Load Balancing

Let’s build on what we’ve put together so far. We have service instances registered with eureka. The eureka registry is hierarchical: we have a list of registered applications, and for each application, a list of running instances and their information: home page url, etc.. In this lab we’re going to dig deeper into how clients can load-balance across these multiple instances.

The basic eureka API that we’re using, eurekaClient.getNextServerFromEureka(..), has simple round-robin logic: it increments an index (modulo the list of service instances) and returns the service instance at that index.

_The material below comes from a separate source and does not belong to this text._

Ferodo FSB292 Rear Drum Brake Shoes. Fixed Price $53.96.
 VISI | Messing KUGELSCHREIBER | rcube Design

Netflix offers a project named Ribbon that gives us more control, and more options over load balancing. The dependency we added to our project in the last lab, spring-cloud-starter-eureka, already has a transitive dependency on Ribbon. And so it turns out we already have Ribbon on the classpath. It’s just a matter of using its load balancing API.

Gradle and Transitive Dependencies

With gradle, to produce a tree view of the transitive dependencies for a gradle configuration, invoke a command similar to this:

$ gradle dependencies --configuration compile

Another, more targeted command for obtaining insight into how a dependency is pulled in to your classpath is dependencyInsight:

$ gradle dependencyInsight --dependency ribbon

Spring Cloud Netflix offers the LoadBalancerClient interface (implemented by RibbonLoadBalancerClient) which we can Autowire into our Spring application and use in place of the existing EurekaClient. The difference is that it will use Ribbon for the load balancing.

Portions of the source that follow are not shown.